Suzie llegó conduciendo con lentitud y apartó el Neón, agradecida por volver a casa. Al bajar se detuvo un momento a aspirar el aire cálido de la noche. Parecía envolverla en un resplandor difuso, al que se contraponían destellos de luz con cada mazazo de la migraña. Se apretó la cabeza con las manos, rezando para que aquello cesara. El cabo de enfermeros le había dado algunas píldoras, diciéndole que volviera a su casa a descansar, pues en ese estado no podría ser útil. Ella sabía que era verdad; el dolor de cabeza iría en aumento antes de empezar a ceder. Siempre le sucedía lo mismo.
Con un suspiro, puso la llave en la cerradura y abrió la puerta. Al menos esa noche no había perdido las llaves. Cuando encendió la luz del vestíbulo, el gato acudió corriendo. Lo había recogido de la calle; mantenían una amistad cordial, aunque distante; todo estaba bien mientras ella le diera de comer y le permitiera dormir en su cama.
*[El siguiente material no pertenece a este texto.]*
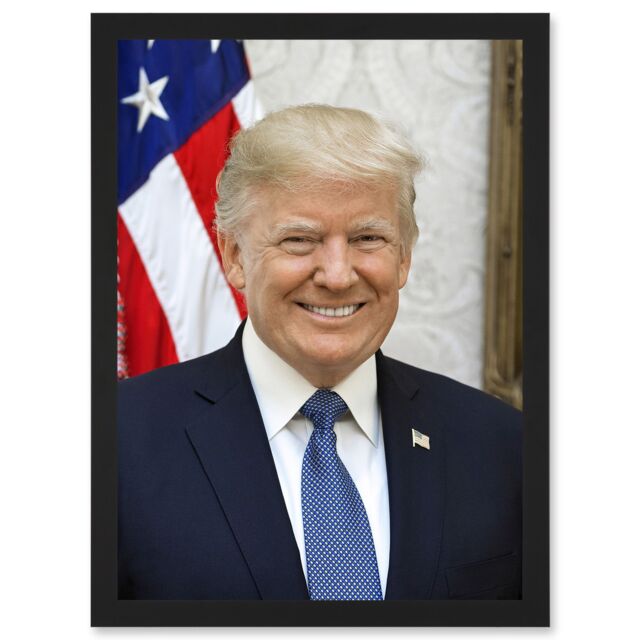 Artery8 Us President Donald Trump Photo A4 Artwork Framed Wall Art Print in Black - image 1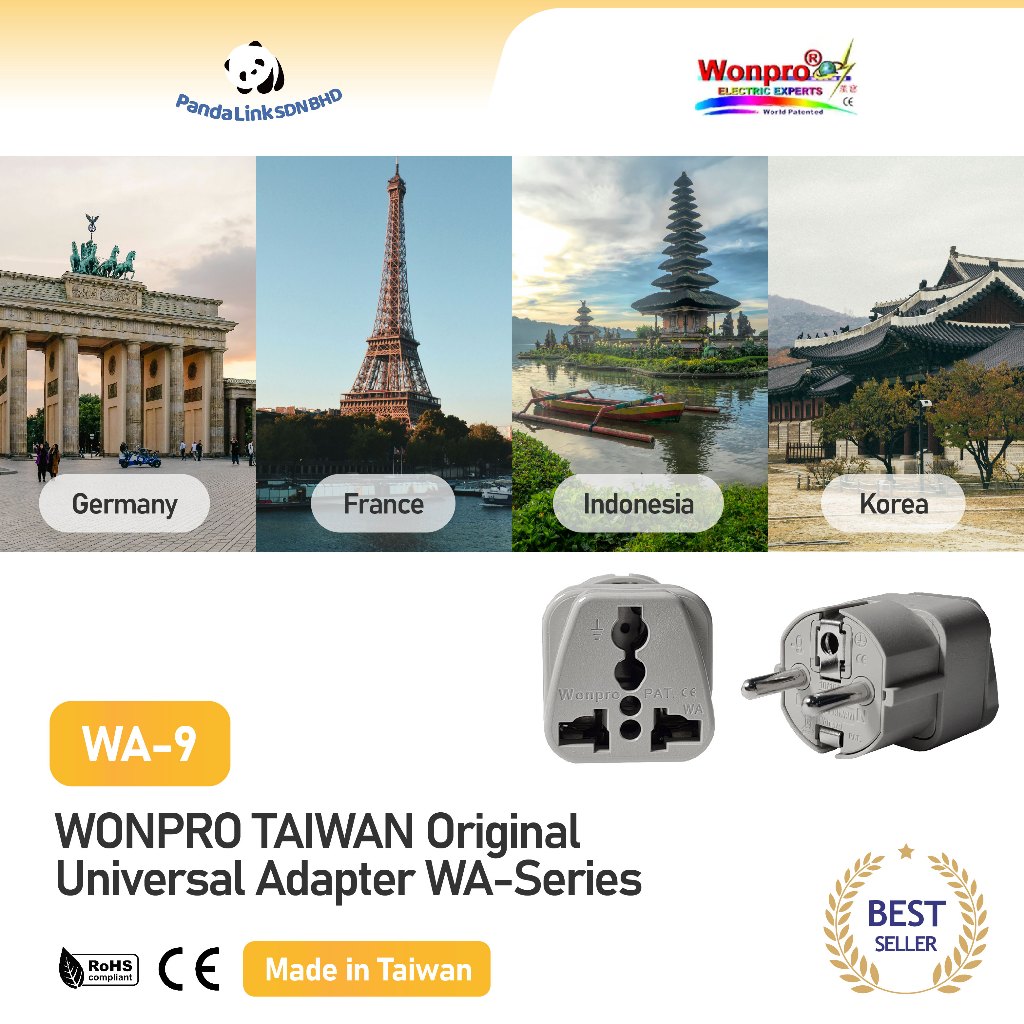 WONPRO WA-9 Taiwan Universal Adapter Travel Adapter WA-Series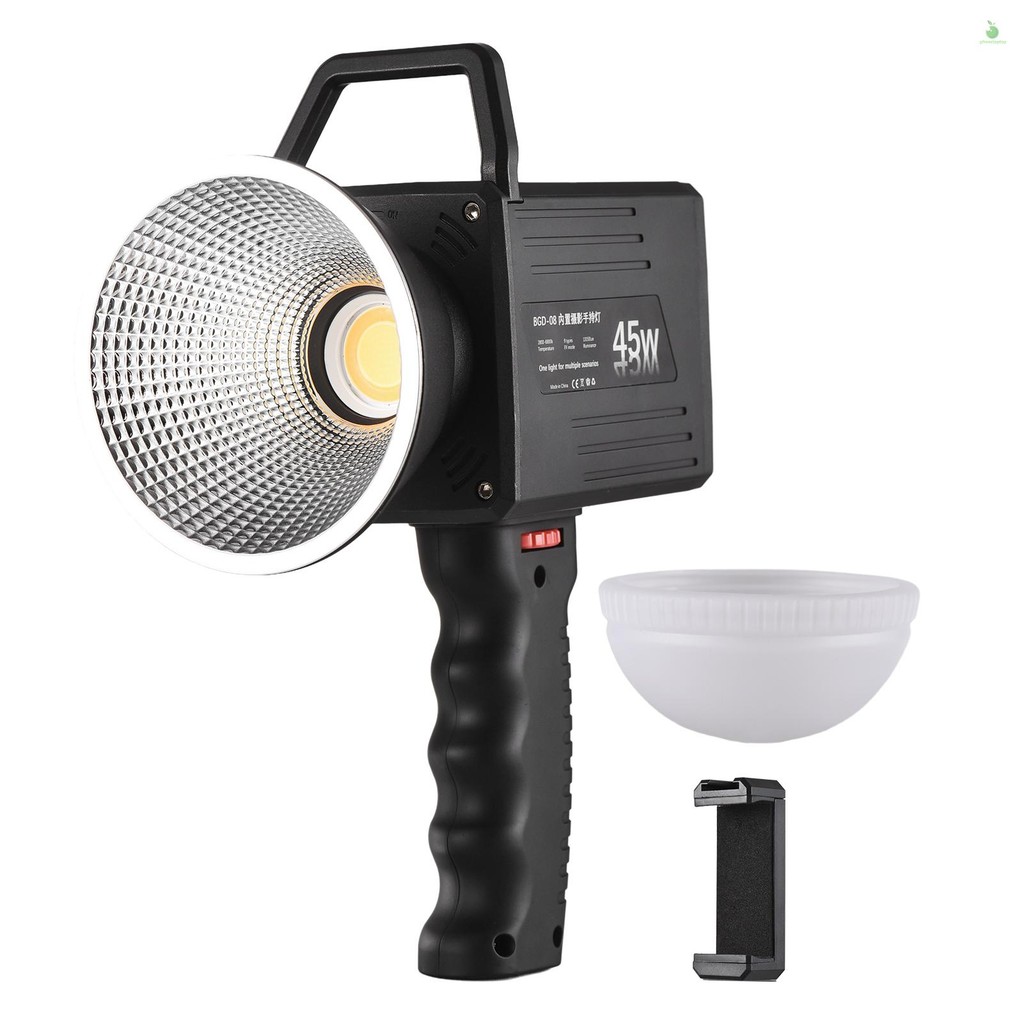 แบบพกพา COB วิดีโอมือถือ LED เติมแสง 45W 2800K-6800K หรี่แสงได้ 9 ฉาก ...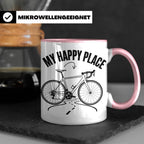 Rennrad Tasse My Happy Place Lustiger Spruch für Radfahrer & – Rosa [farbe:rosa]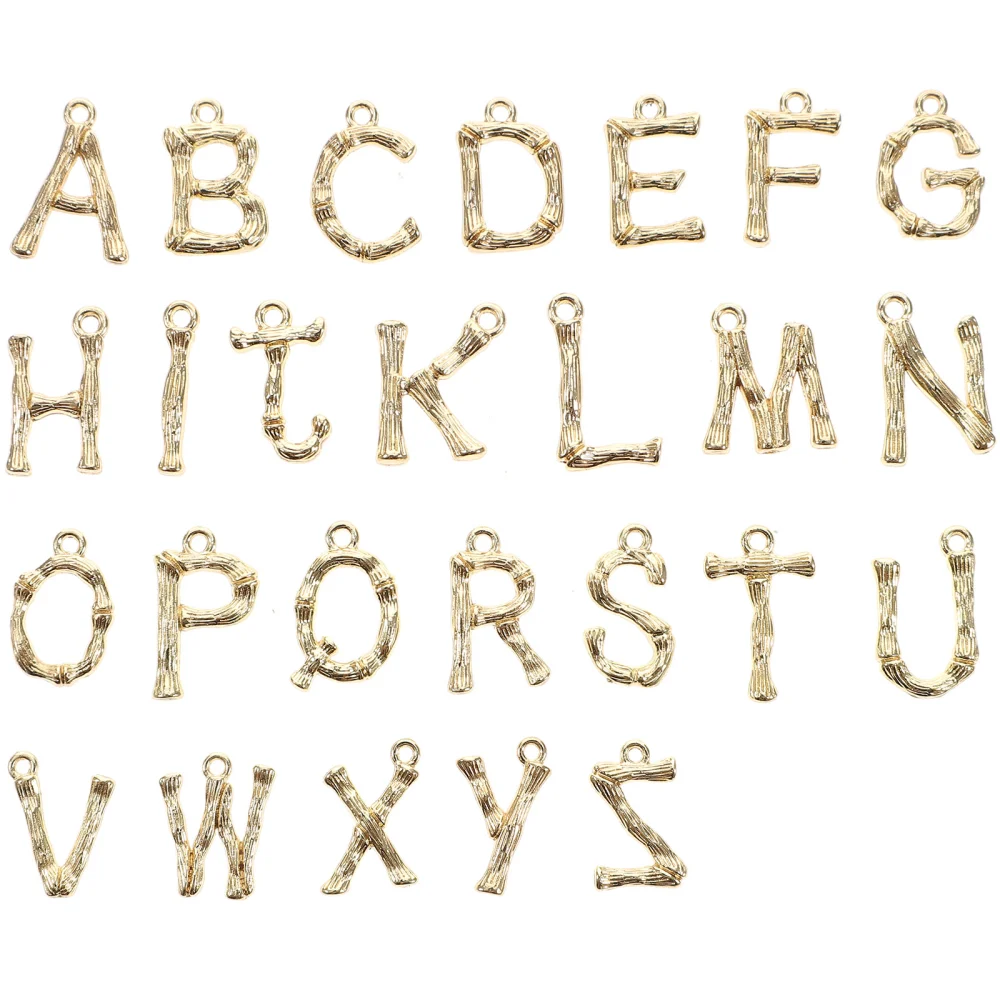 26pcs Alloy Letter Charms Metal Alphabet Charms Jewelry Making Charms Diy Jewelry Supplies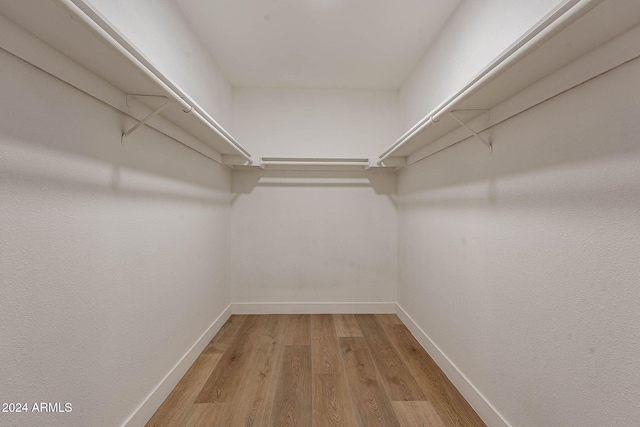 walk in closet with wood-type flooring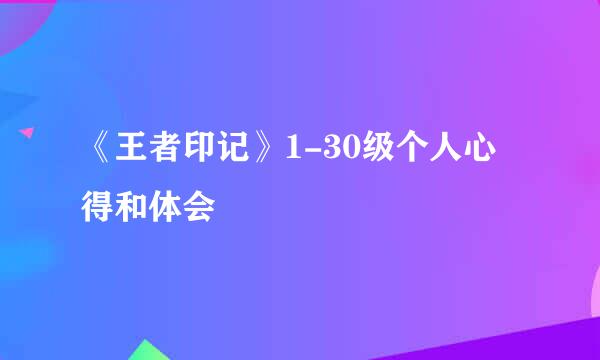 《王者印记》1-30级个人心得和体会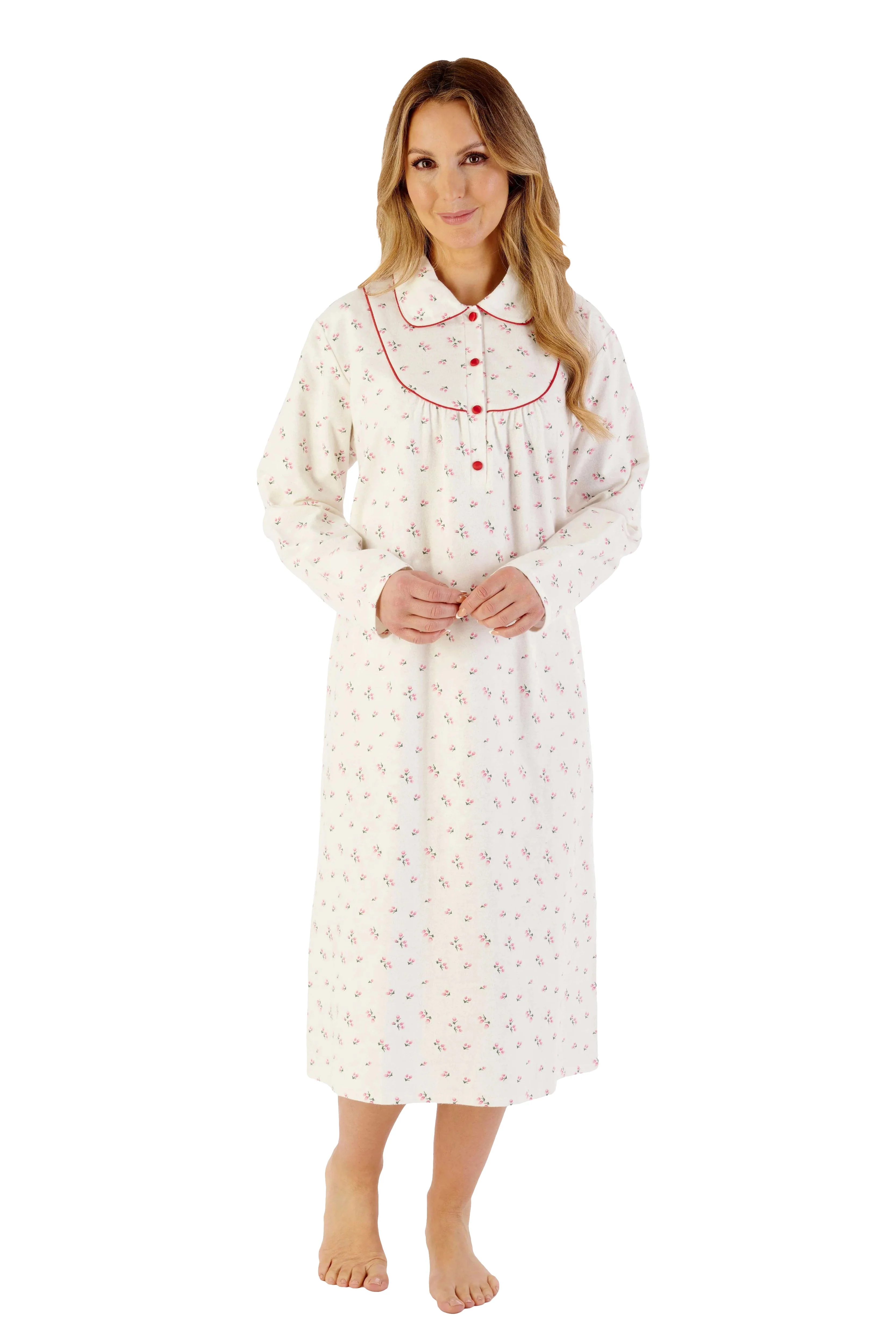 Brushed Cotton Floral 45 Inch Nightdress - Red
Se llevó una sorpresa al ver que el animal se frotaba contra los tobillos, maullando.
—Has elegido una mala noche para buscar afecto —le dijo, cansada.
Entró en la cocina y encendió la luz, parpadeando de dolor. Luego fue a la ventana para bajar la cortina. Entonces se detuvo, sorprendida: ya estaba baja. Recordó que había vuelto a la casa para cerrar de prisa las ventanas, pero no creía haber bajado la cortina. Se apartó de allí, meneando la cabeza con desconcierto.
El gato subió de un salto a la encimera, en tanto ella sacaba una botella de agua del frigorífico para tragar las píldoras. Con las manos apoyadas en el mueble, dejó caer la cabeza hacia adelante. Se sentía horriblemente mal.
Se suponía que ella no debía volver. El hombre escuchó, sentado en el borde de la cama. El pánico le subió como bilis a la garganta al saberla ahí, acercándose al dormitorio. Era la primera vez que se encontraba en su situación; no entraba en sus planes. Esas cosas nunca le sucedían.
La oyó moverse en la cocina. Un rayo de luz caía en el pasillo desde la rendija de la puerta. Echó un vistazo a la ventana, pero había tela metálica por afuera. Corrió al cuarto de baño; la ventana era demasiado pequeña. Estaba acorralado.
Cuando oyó que ella salía al pasillo volvió precipitadamente al dormitorio y se escondió en el armario. Su corazón palpitaba con fuerza; tenía el puso acelerado y la espalda empapada de sudor. Era el sudor del miedo. Nunca se había encontrado frente a ninguna de sus chicas. Sus planes eran impecables. Siempre era él quien controlaba todo.
Deslizó la mano en el bolsillo para extraer el pequeño cuchillo y quitó su funda plástica. Luego se mantuvo perfectamente inmóvil tras la puerta del armario, con el cuchillo listo en la mano, esperando.